By Agostino Napolitano, Pipeline Department Manager, and Angelina Parlato, Onshore Pipeline Techical Manager, Saipem SpA

This is an excerpt of the article.  The full article can be found here

Performance limits and potential failures must be identified for buried pipe design. Chief among those are excessive deformations of the pipe, wall buckling and collapse.

Maximum allowable pipe deflection is usually not determined by structural failure but by conditions such as clearance for pipe-cleaning equipment, special sections, and pipe appurtenances (attachments). Pipeline designers classify pipes as “flexible” or “rigid,” depending on how they perform after installation.

Flexible pipe can move, or deflect, under loads without structural damage, while rigid pipes cannot deflect significantly without structural distress, such as cracking. From the standpoint of rigidity, pipes were classified by Marston in 1930:

Rigid conduits: The cross-sectional shapes cannot be distorted sufficiently to change the vertical or horizontal dimensions more than 0.1% without causing materially injurious cracks.

Semi-rigid conduits: The cross-sectional shapes can be distorted sufficiently to change the vertical or horizontal dimensions more than 0.1%, but not more than 3% without causing materially injurious cracks.

Flexible conduits: The cross-sectional shapes can be distorted sufficiently to change the vertical or horizontal dimensions more than 3% before causing materially injurious cracks.

In reality, the behavior of a buried pipeline will depend on how its stiffness compares with the stiffness of the soil in which it is to be buried. The soil-pipe system is statically indeterminate. As such, the interface pressure between the soil and pipe cannot be calculated by statics alone.
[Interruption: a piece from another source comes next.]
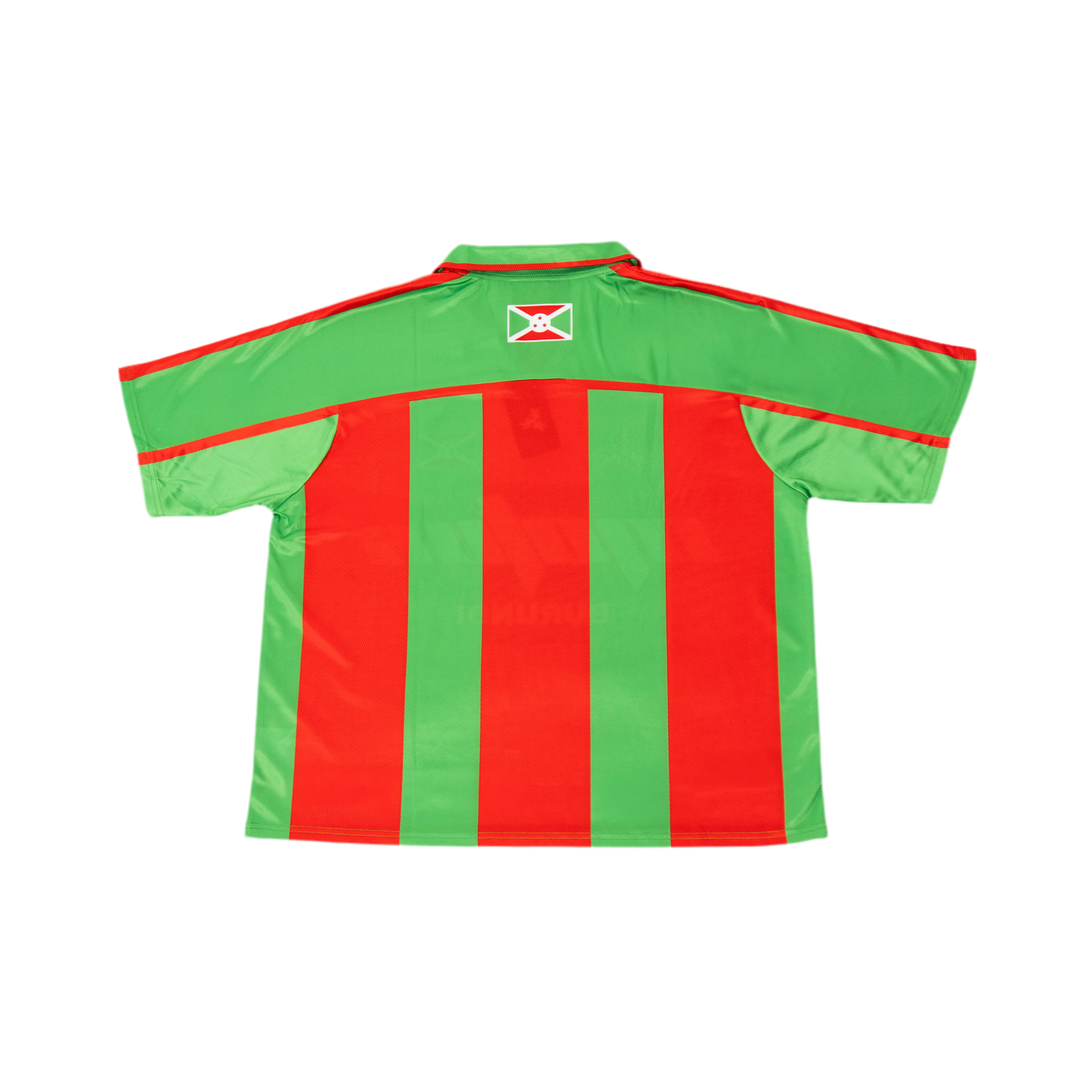 Burundi Culture Kit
As soil and surface loads are placed over a buried pipe, the ring tends to deflect – primarily into an ellipse with a decrease in vertical diameter and an almost equal (slightly less) increase in horizontal diameter. The increase in horizontal diameter develops lateral soil support which increases the load-carrying capacity of the pipe. The decrease in vertical diameter partially relieves the ring of load since the soil above the pipe takes more of the load in arching action over the pipe.

Soil-Pipe System

The amount of deflection induced by installation that will occur in any buried pipe depends on three factors: pipe stiffness, soil stiffness, and earth load and surface load due to construction equipment.

Measurements made by Marston and Spangler equations reveal the load on a flexible pipe is substantially less than that on a rigid pipe. The level of lateral earth load also depends on the nature of the backfill and its level of compaction, as well as the stiffness of the side walls of a trench, if the pipe sits in a trench rather than in an embankment fill.

Therefore, it should be readily appreciated that the backfill and its construction are vital to the performance of a flexible pipe. Unfortunately, designers have placed too much attention on the structural properties of the pipe rather than on the soil.

There are many pertinent variables in the complex interaction of pipe and soil. For pipes, one widely recognized variable is pipe flexibility, D/t, which is an inverse form of pipe stiffness, EI/D3, and may be used for analyses involving pipe stiffness of plain steel pipe (no mortar linings or coatings).

Pipe flexibility (D/t) normally ranges between 30 and 100 for oil and gas onshore pipelines. Another common variable is pipe deflection, Dx/D. For soil, the most pertinent variables are the friction angle f and the vertical strain of sidefill embedment, e. An approximation of strain is given by e = s/E’ where s is the vertical soil stress, and E’ is the soil stiffness modulus.

Soil modulus is not a modulus of elasticity and is not a constant. It is often found, approximately, as the slope of a secant to the stress-strain diagram from laboratory compression tests. The confined compression test is conservative since the laboratory sample is subject to a confining pressure and compressed vertically.

Sidefill soil, on the opposite, is compressed vertically, compressed horizontally (radially) and confined longitudinally (biaxial compression) for which the compression (vertical strain) is less than it is for confined compression tests. To define if the behavior of a pipe is flexible or rigid, it is convenient to consider the stiffness ratio Rs as the ratio between soil stiffness and pipe stiffness:

Rs = E’ / (EI/D3) = E’D3/EI

Where:

E’ is the soil stiffness modulus of the soil (slope of a secant on the stress strain diagram);

EI/D3 = E/12(D/t)3 is the pipe stiffness, where I is the transverse moment of inertia per unit length of individual pipe wall components.

Soil stiffness E’ can vary from 100 kPa for damped soil to 50-100 Mpa for well-compacted, coarse-grained soil. Pipe stiffness EI/D3 is inversely related to pipe flexibility D/t and reduces progressively to zero for high D/t values. Usually pipe stiffness contributes significant resistance to pipe deflection if Rs is less than about 200, or D/t less than 50 (Figure 2). Conversely, soil stiffness is crucial for flexible pipes and Rs is usually greater than 200.